DATA PROVIDED: Begin

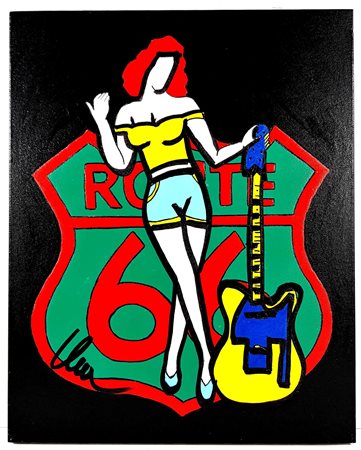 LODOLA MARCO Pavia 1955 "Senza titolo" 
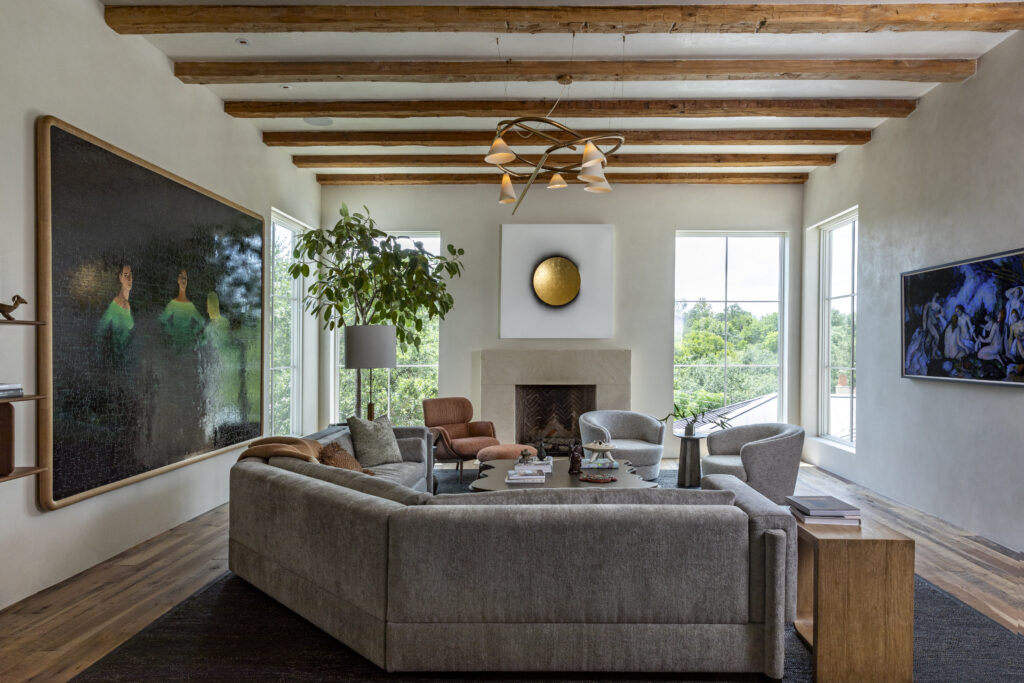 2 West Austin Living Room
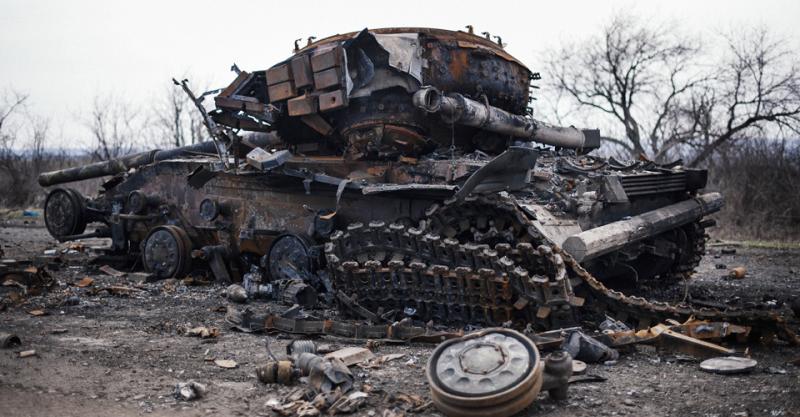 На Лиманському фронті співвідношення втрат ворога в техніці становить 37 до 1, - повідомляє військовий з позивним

DATA PROVIDED: End

(EXERCISE GOAL)
No pictures go in the copy. Set down all the data exactly.

(RESULT OF THE TASK)
 LODOLA MARCO Pavia 1955 "Senza titolo" 
 2 West Austin Living Room
 На Лиманському фронті співвідношення втрат ворога в техніці становить 37 до 1, - повідомляє військовий з позивним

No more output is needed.